**Prompt:** Set down nothing but the lines from the one containing "Lampa stołowa Dove" to the final line of the material, exactly as written, and drop the pictures.

Top of Data for this exercise

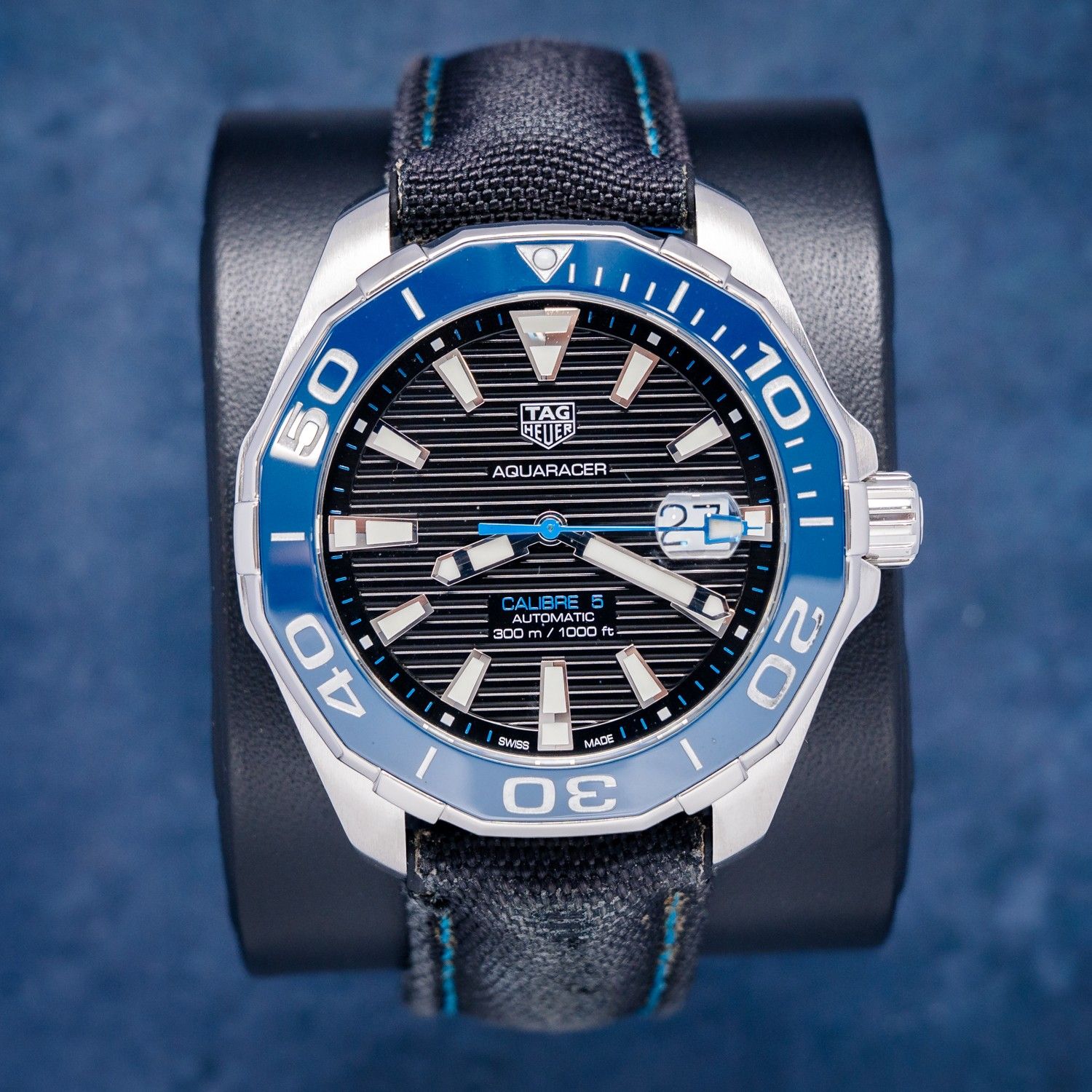 Tag Heuer Aquaracer Calibre 5 - Blue Ceramic - Black Strap - Watch & Card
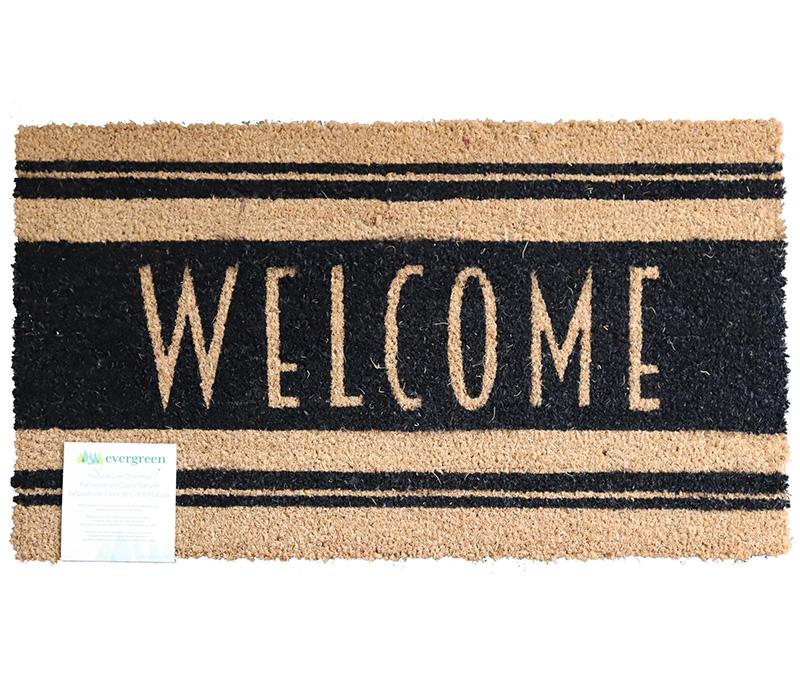 Welcome Stripe - Evergreen Coir Doormat 28in x 16in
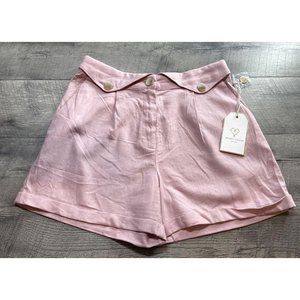 Love & Piece Shorts Womens Medium Pink Linen Blend‎ High Waist Pleat Pockets NEW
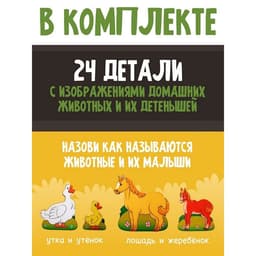 Развивающая доска «Чей малыш?Домашние животные и птицы», двойная рамка - вкладыш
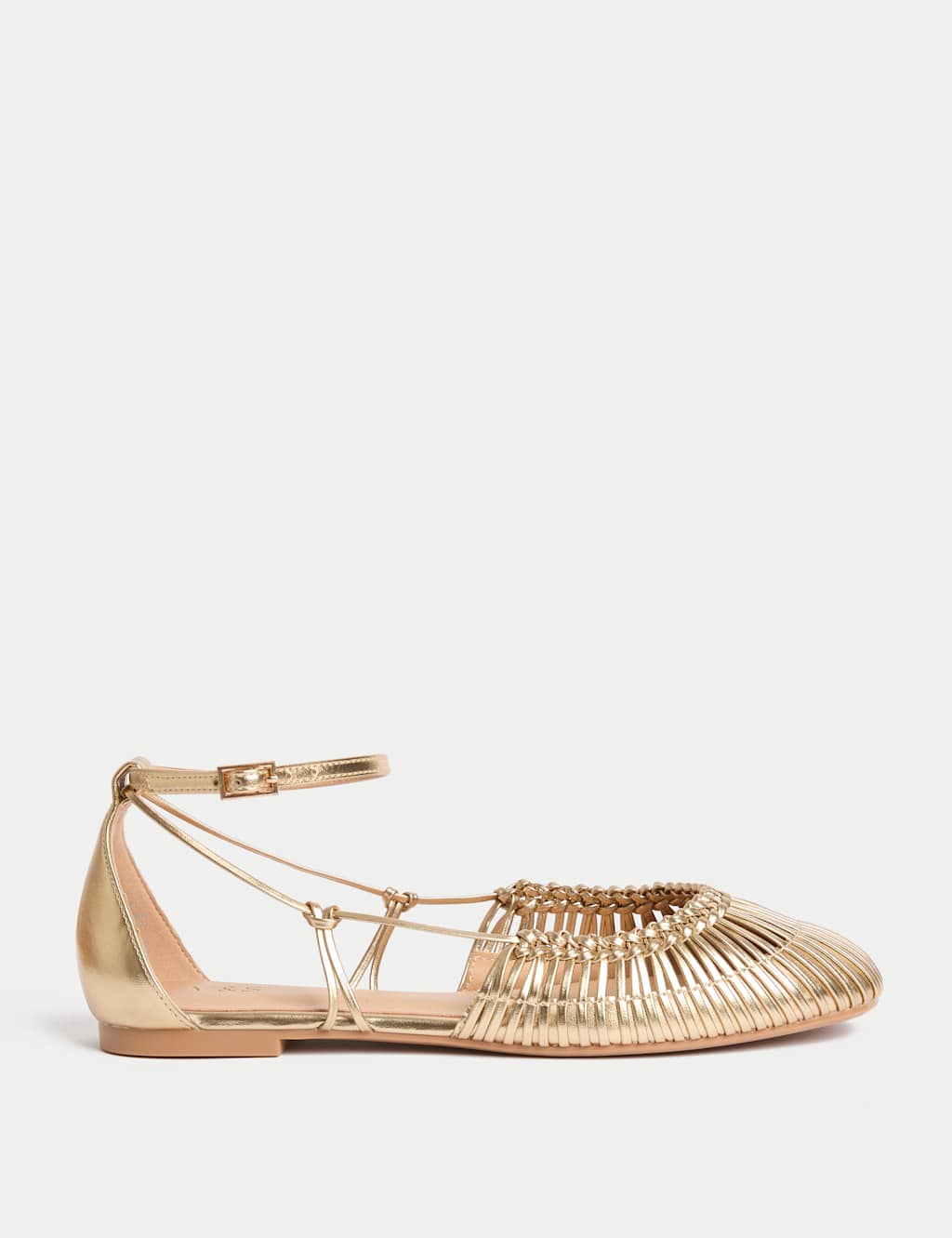 Woven Strappy Flat Ballet Pumps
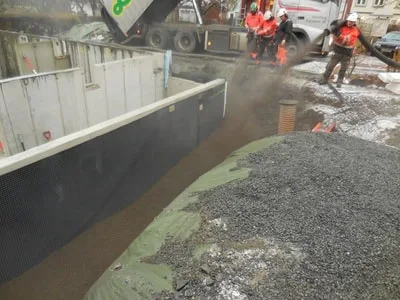 65000 liter løs Leca pumpes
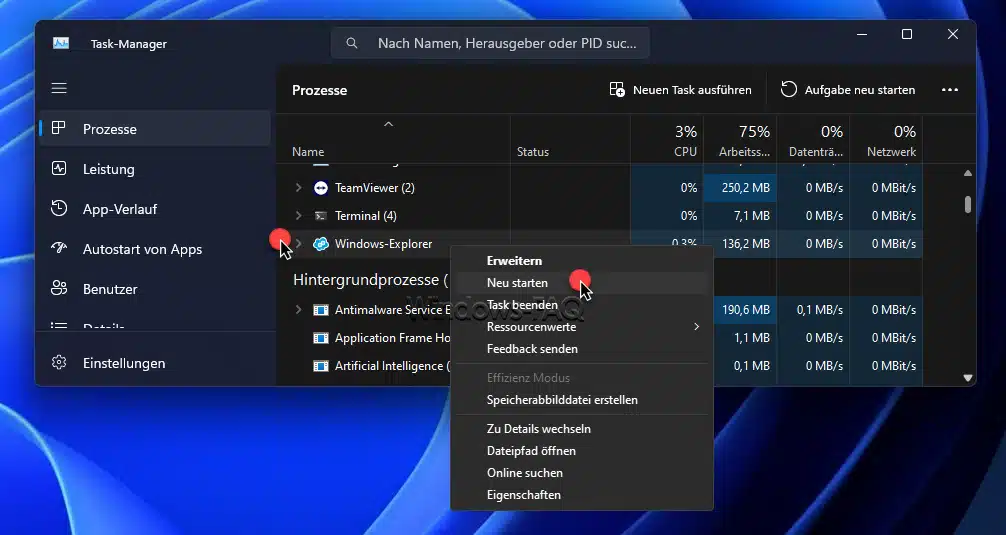 Windows Explorer neu starten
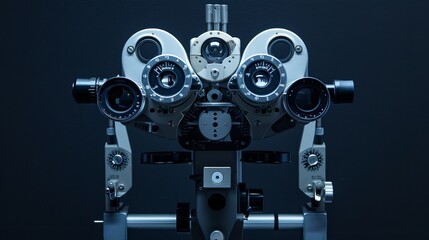 A close-up view of a phoropter, a machine used for eyesight measurement testing, highlighting its significance in eye health checks and ophthalmology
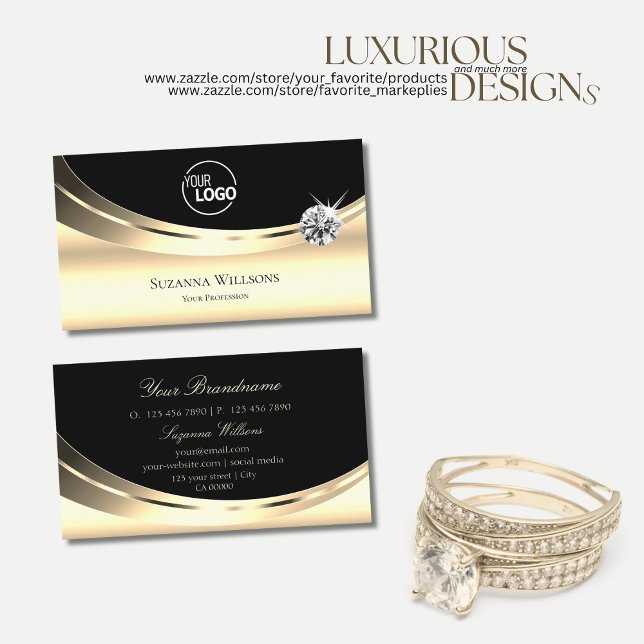 Elegant Light Gold Black with Logo Sparkle Diamond Business Card (Creator Uploaded)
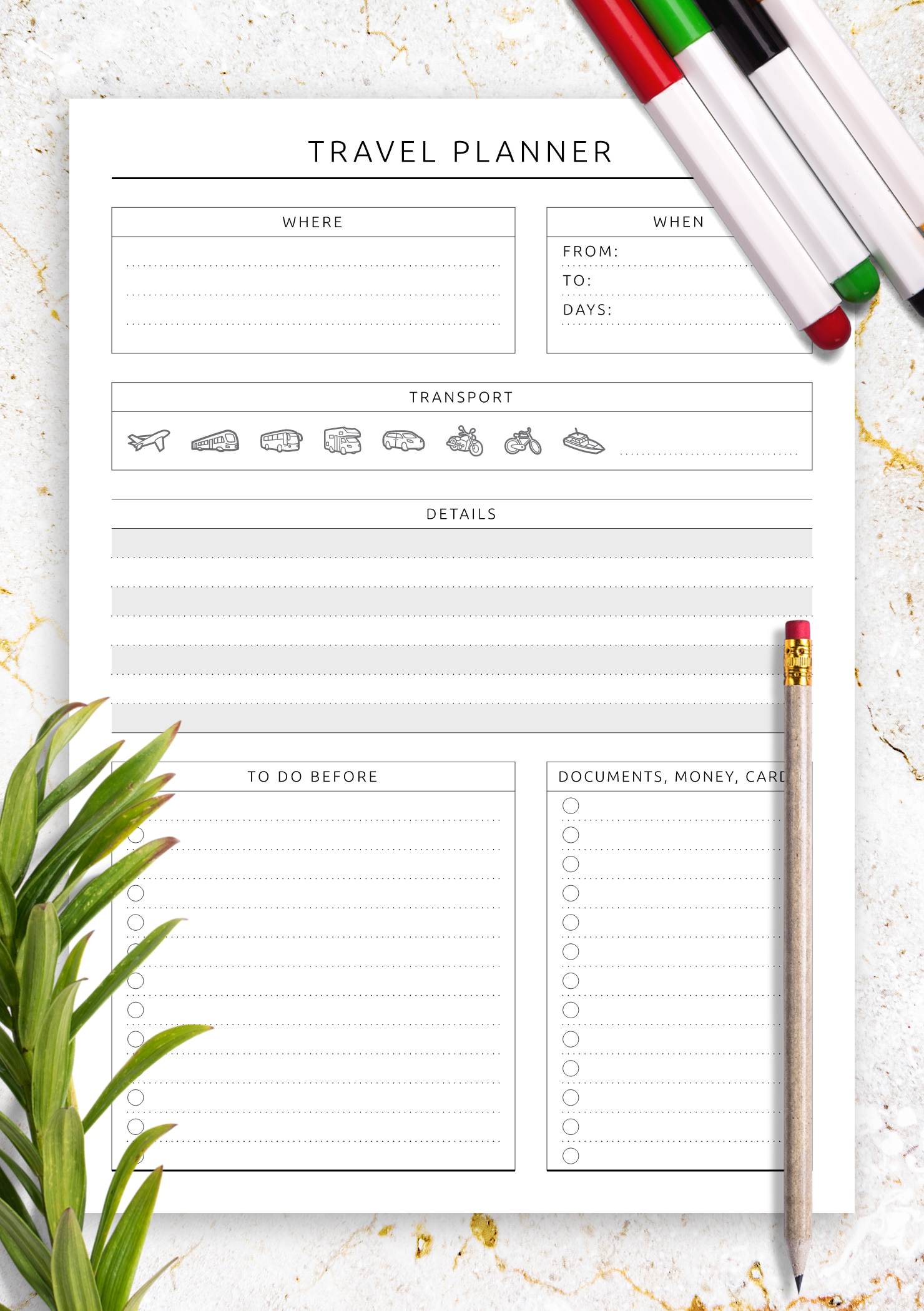 Travel Planner Template Pdf Infoupdate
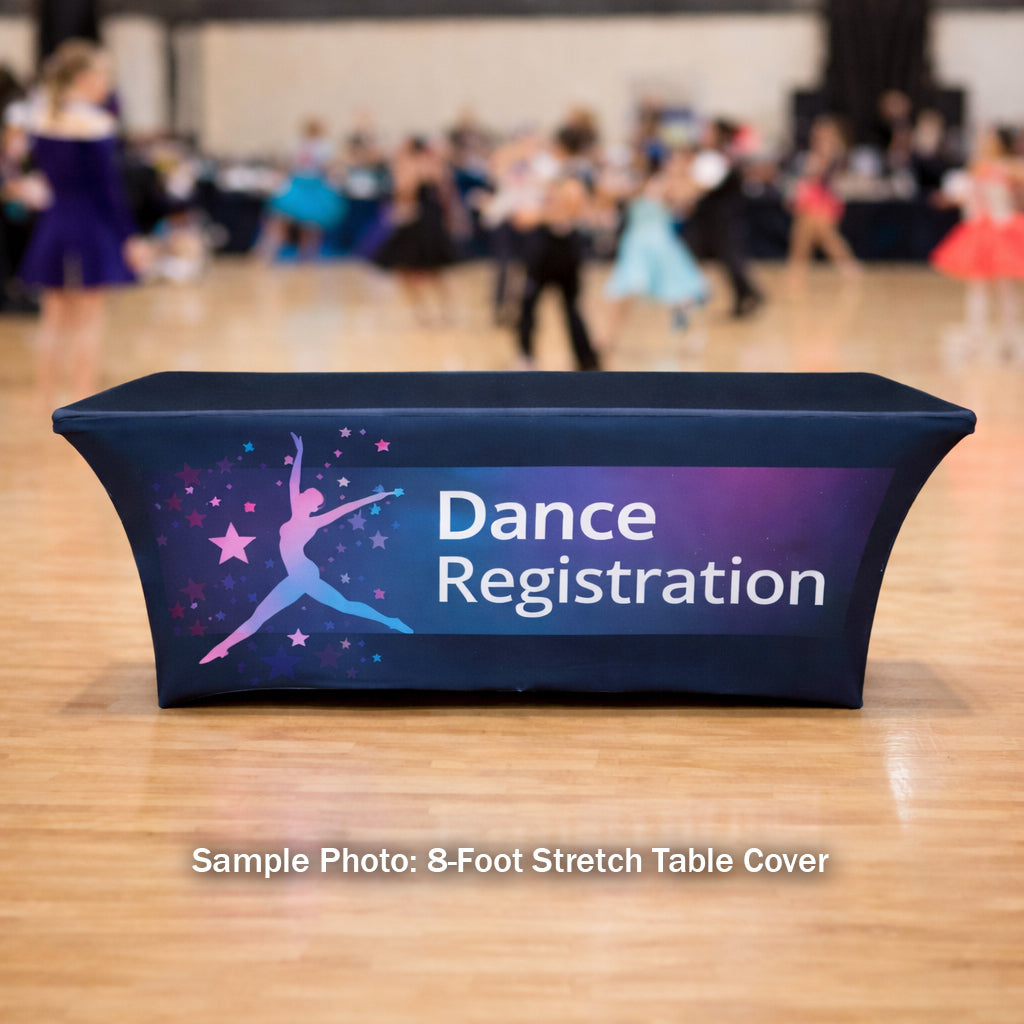 8-Foot Stretch Table Cover at a dance competition.
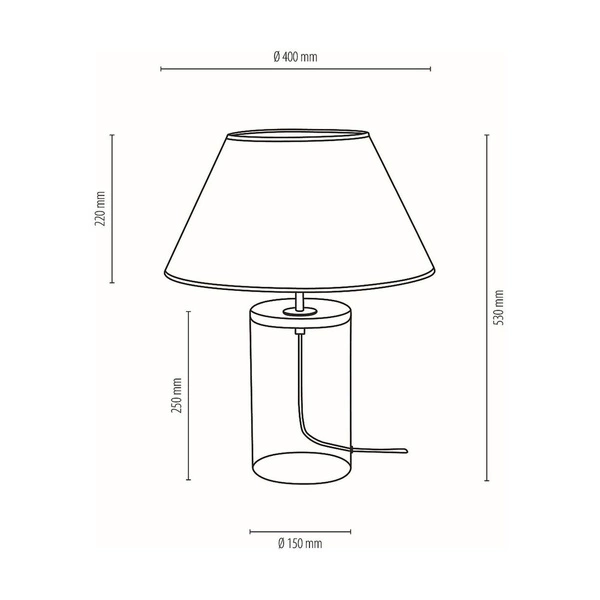 Lampa stołowa Dove 1xE27 maks. 40W przezroczyste szkło/czarny kabel z tkaniny/czarny klosz z tkaniny 779139110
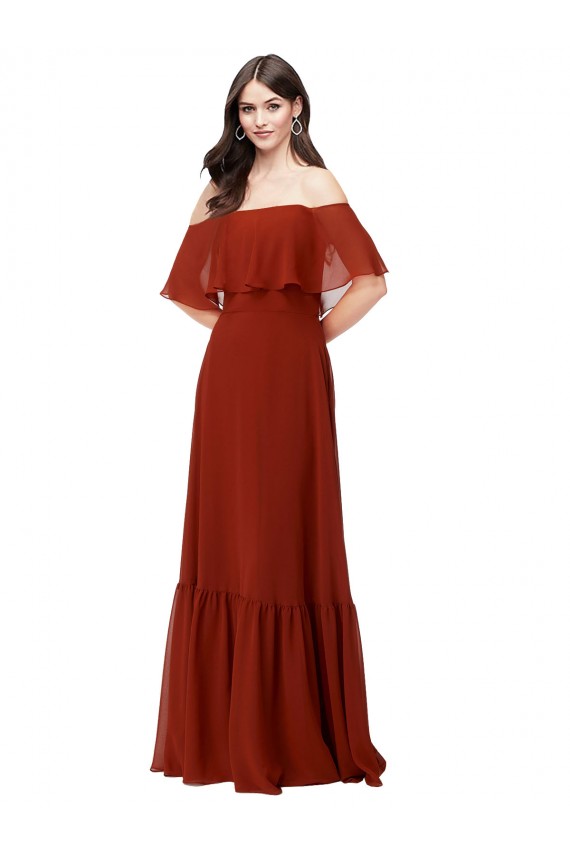Off the Shoulder Ruffle Chiffon Bridesmaid Dress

Bottom of Data for this exercise

**Solution:**
 Lampa stołowa Dove 1xE27 maks. 40W przezroczyste szkło/czarny kabel z tkaniny/czarny klosz z tkaniny 779139110
Off the Shoulder Ruffle Chiffon Bridesmaid Dress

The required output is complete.